On Mon, Nov 26, 2018 at 6:55 PM Ming Lei <tom.leiming@xxxxxxxxx> wrote:
>
> On Tue, Nov 27, 2018 at 2:55 AM Evan Green <evgreen@xxxxxxxxxxxx> wrote:
> >
> > On Tue, Oct 30, 2018 at 4:06 PM Evan Green <evgreen@xxxxxxxxxxxx> wrote:
> > >
> > > If the backing device for a loop device is a block device,
>
> This shouldn't be a very common use case wrt. loop.

Yeah, I'm starting to gather that. Or maybe I'm just the first one to
mention it on the kernel lists ;) We've used this in our Chrome OS
installer, I believe for many years.

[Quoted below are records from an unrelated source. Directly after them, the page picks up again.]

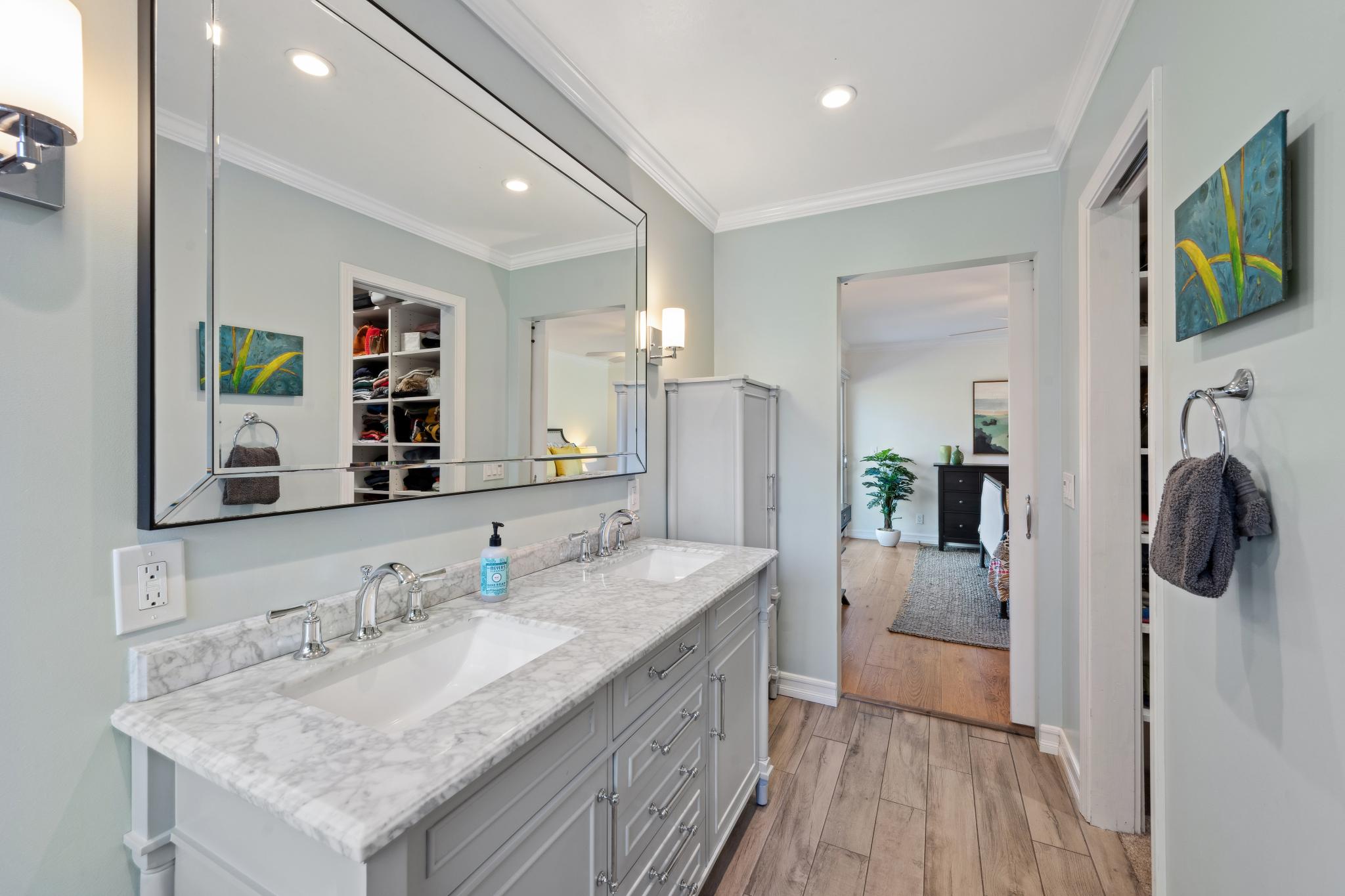 123 Frey Road Santa Rosa, CA 95409 - Photo 42 of 62 a bathroom with a granite countertop double vanity sink and a mirror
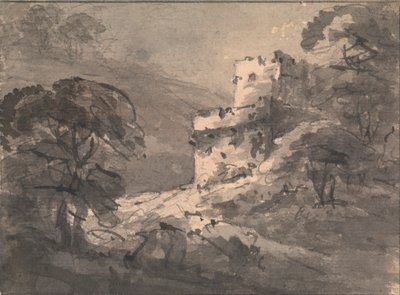 Landskap med et ødelagt slott til høyre av Rev. William Gilpin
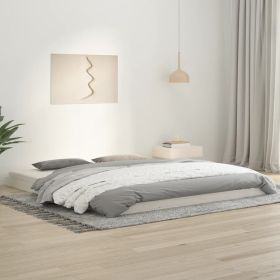 Bed Frame White 180x200 cm Super King Size Solid Wood Pine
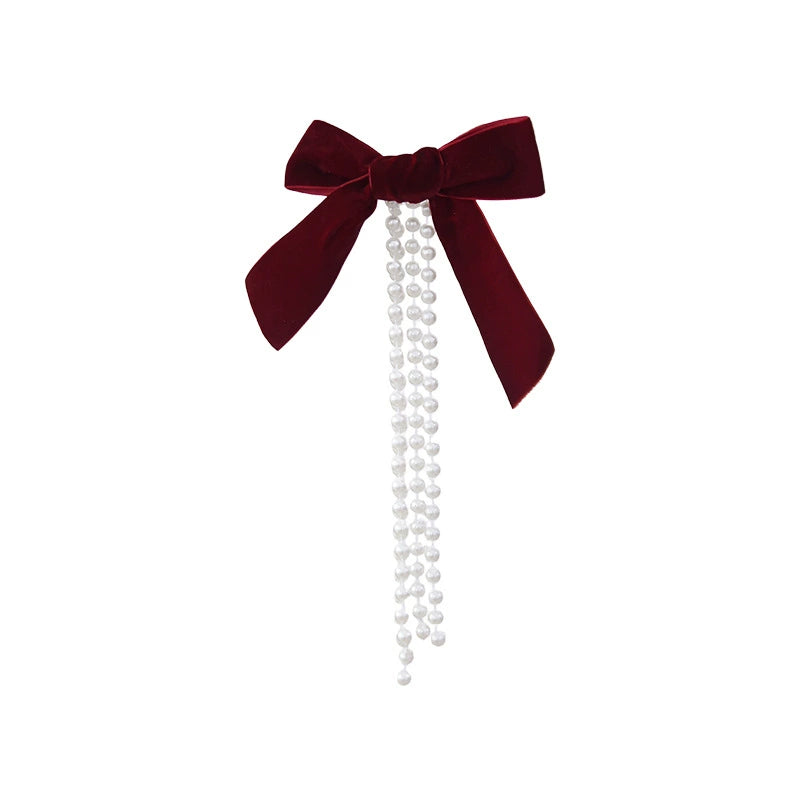 Pearl Bow Christmas Ornaments Set of 3 - Large, Medium & Small Sizes in Burgundy, Deep Green & Cream - Elegant Tree Decor, Window Display, Holiday Party Styling
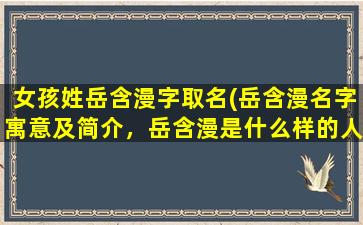 女孩姓岳含漫字取名(岳含漫名字寓意及简介，岳含漫是什么样的人？)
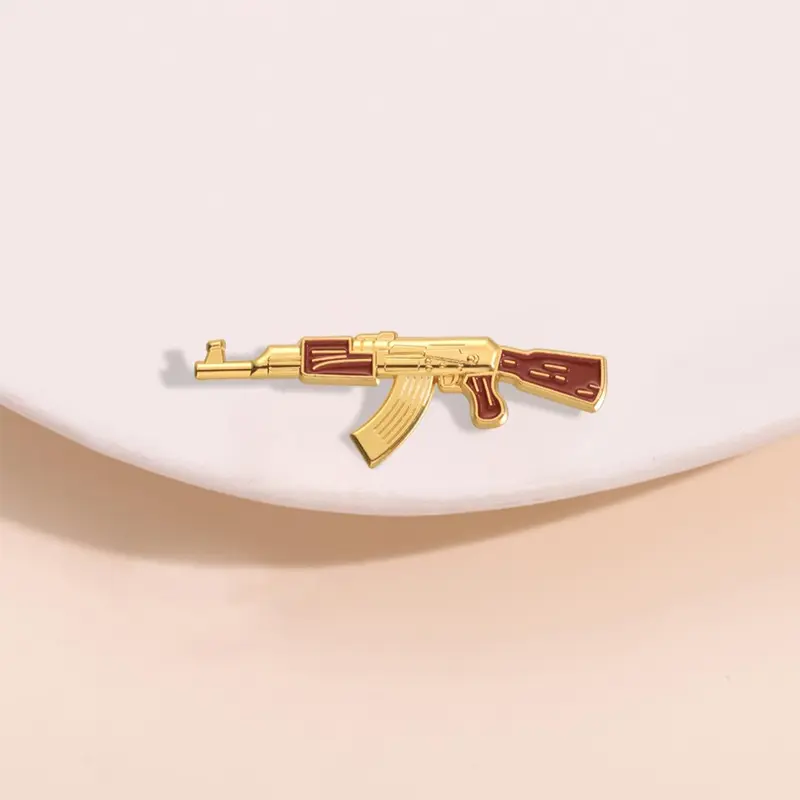 Creative AK47 Machine Gun Design Brooch, Fashion Alloy Badge for Daily Clothing Decor, Trendy All-match & Exquisite Brooch for Birthday Gift, Jewelry, Fashion Accessory, Men Accessories, Durable Metal Pins, Brooch Pin Clip, Lapel Pin, Jewellery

Gwendal piped in with a few
reasons we do it this way on the cover letter, but in general I think
it allows us to have a unified set of functions to install to a file,
disk, or prepare an image that may have a different block size than
those on the running system.

>
> > > then mirror the discard properties of the underlying block
> > > device into the loop device. While in there, differentiate
> > > between REQ_OP_DISCARD and REQ_OP_WRITE_ZEROES, which are
> > > different for block devices, but which the loop device had
> > > just been lumping together.
> > >
> > > Signed-off-by: Evan Green <evgreen@xxxxxxxxxxxx>
> >
> > Any thoughts on this patch? This fixes issues for us when using a loop
> > device backed by a block device, where we see many logs like:
> >
> > [  372.767286] print_req_error: I/O error, dev loop5, sector 88125696
>
> Seems not see any explanation about this IO error and the fix in your patch.
> Could you describe it a bit more?

Sure, I probably should have included more context with the series.

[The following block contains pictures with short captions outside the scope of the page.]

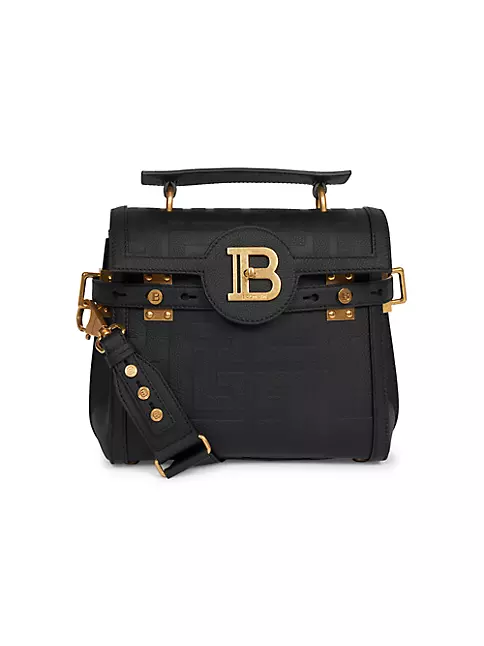 Shop Balmain B-Buzz 23 Monogram-Embossed Leather Top-Handle Bag | Saks ...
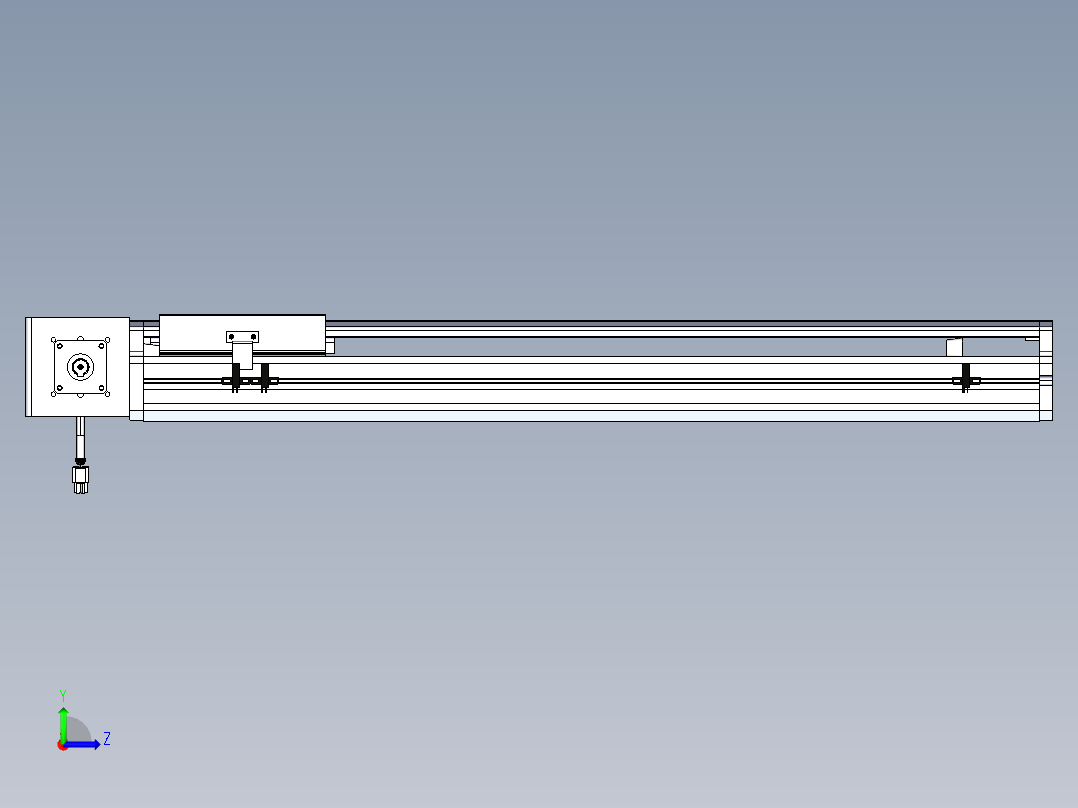 东锦同步带传动-直线滑台模组DH170B-L150-S550-BL-P400W-C3左视图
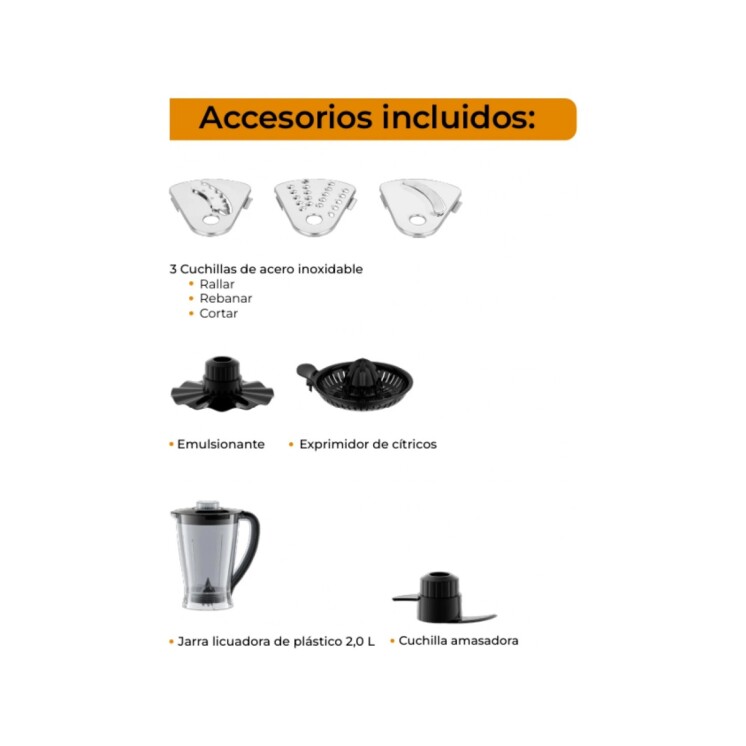 Multiprocesadora Hogaron HGFP25 12 en 1 1500 W con Licuadora y Exprimidor Multiprocesadora Hogaron HGFP25 12 en 1 1500 W con Licuadora y Exprimidor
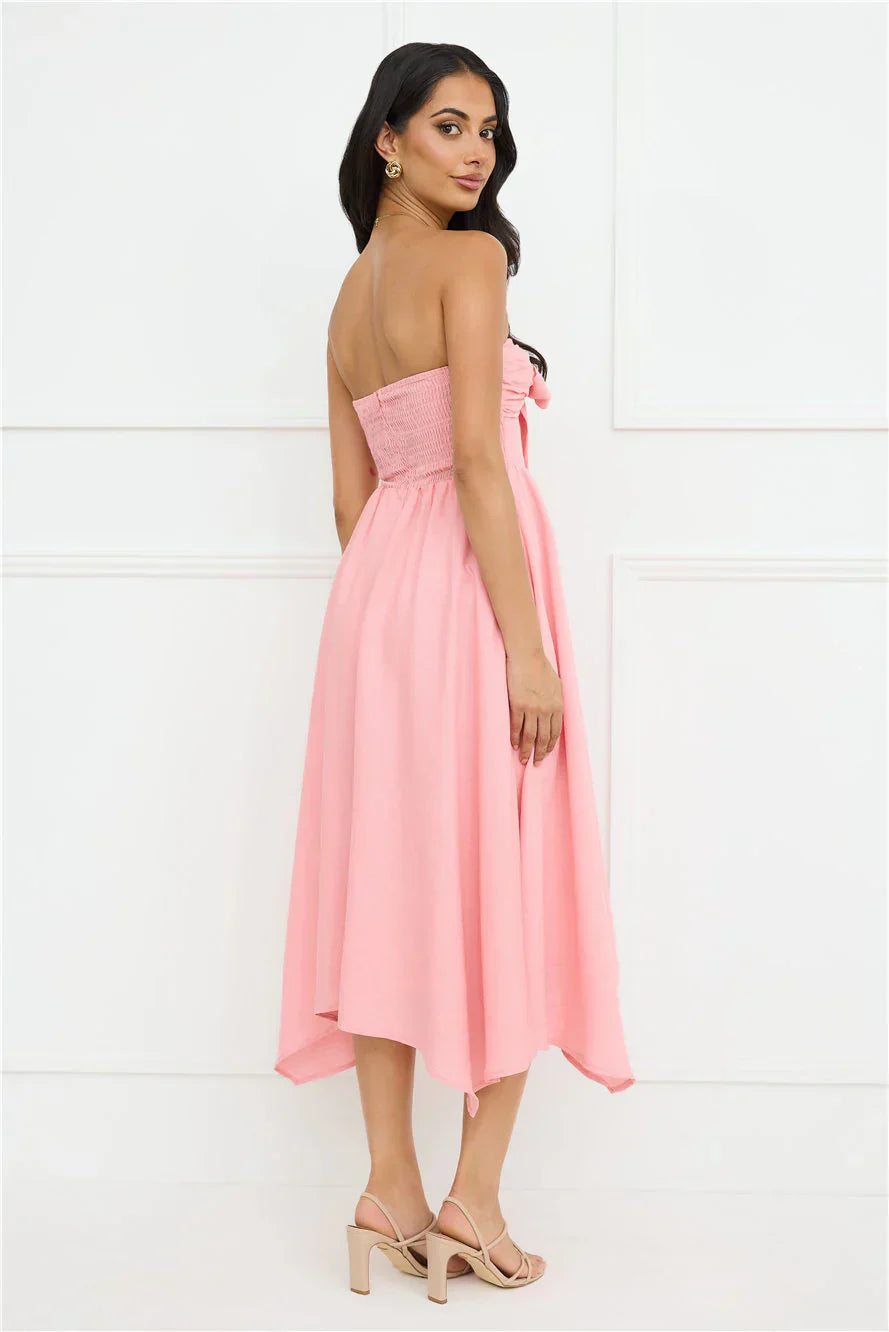 Saltwater Soul Strapless Midi Dress Pink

The loop device always reports that it supports discard, by setting up
the max_discard_sectors and max_write_zeroes_sectors in the blk queue.
When the loop device gets a discard or write-zeroes request, it turns
around and calls fallocate on the underlying device with the
PUNCH_HOLE flag. This makes sense when you're backed by a file and
hoping to just deallocate the space, but may fail when you're backed
by a block device that doesn't support discard, or doesn't write
zeroes to discarded sectors. Weirdly, lo_discard already had some code
for preserving EOPNOTSUPP, but then later the error is smashed into
EIO. Patch 1 pipes out EOPNOTSUPP properly, so it doesn't get squashed
into EIO.

Patch 2 reflects the discard characteristics of the underlying device
into the loop device. That way, if you're backed by a file or a block
device that does support discard, everything works great, and user
mode can even see and use the correct discard and write zero
granularities. If you're backed by a block device that does not
support discard, this is exposed to user mode, which then usually
avoids calling fallocate, and doesn't feel betrayed that their
requests are unexpectedly failing.

-Evan